Tuesday, September 16, 2008

Electric spinner- And Away We Go...

Wait until you see this!
To begin at the beginning, I showed my shop guy a flyer/bobbin assembly that has been waiting 25 years to be part of a spinning wheel, and said I wanted an electric spinner. He showed me a sewing machine motor with a foot pedal control that has been waiting 25 years to be part of a spinning wheel. I got chocolate in his peanut butter, he got pb on my chocolate.
We went to Lowe's and bought PVC pipe and fittings: six from column a, two from column b... We bought new lamp wire to replace the shabby old wires and plugs. Looks like we have nearly everything except a belt for the motor to drive the flyer. We have spent $31.69 so far. Of course, 25 years ago, we spent 30 dollars for the flyer/bobbin assembly. Louet jumbo, I think.
This is day one of this project.

Hi, I'm Sharon, and I own too many sewing machines.

A sewing machine is like a hammer and nails. You can use the same tool to do baroque or rustic. My fixation with the tools is not confined to sewing machines. I also love knitting machines. Additionally, I'll put my yarn stash and/or my fabric stash up against anyone's.
I learned to sew in the '60's, a decade after learning to knit. Both have always been a joy.
I have made perfect pants (I'm talking about perfect fit, here), which makes shopping for ready to wear pants just like torture.
I am not a quilter. I always said that I was 'saving' quilting until my retirement. Now that I am retired, I'm feeling more like playing in the same old sandbox, rather than moving my energy and concentration to another sandbox. We'll see.

Monday, September 15, 2008

My stash has gotten away from me - seriously,

So, I just wanted to paint the window. The window in the spare bedroom. Trouble was, I could not get within 6 feet of it. It was behind a barricade of plastic totes, 2 deep, 2 wide, and 3 high. Guess what's in the totes. Yup.
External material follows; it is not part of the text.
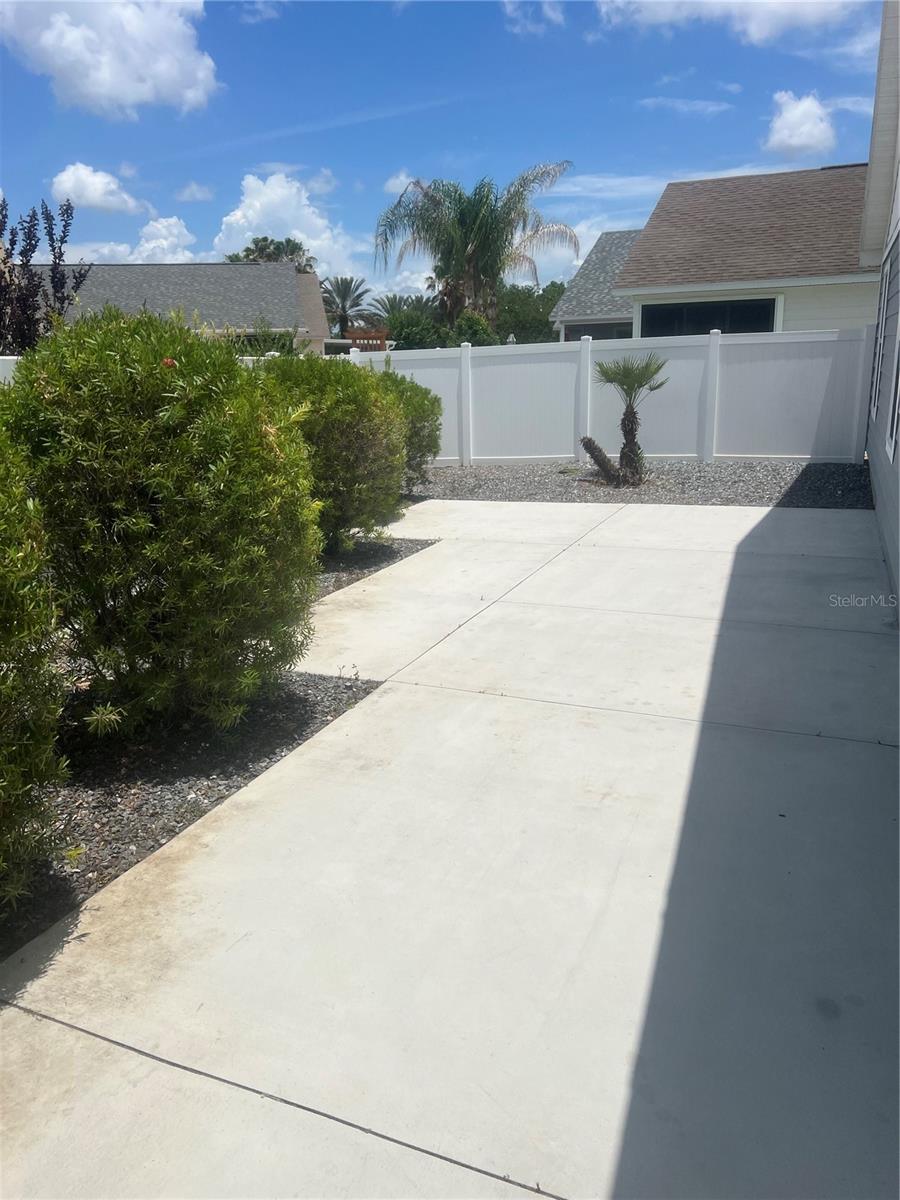 1101 SOUTHERN SUN DR, THE VILLAGES, FL — photo 24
I forgot how much yarn I have. Several of the totes contain nothing but balls and hanks of handpun wool. Some hand dyed as well. A little silk, a little alpaca, but mostly wool. A lot of natural gray and silver wool. A lot of white wool. Some of it waiting for a dye bath, though I just like the stuff plain most of the time.

BTW, the totes do NOT contain any of the machine knitting yarn stash. That is another octopus stored in another spare bedroom.

What I am going to do is paint the window, and put the totes back. But before I do, I'll get the whole mess out and organize it, so that I don't have to visit all the totes each time I'm looking for something. This COULD be a late new year's resolution.

Actually, what will REALLY happen is this: I'll have a fun afternoon pawing through the totes. I might make some notes, but I'll still have to look in every tote each time I'm looking for something. Not a bad thing, really. Not a bad thing at all.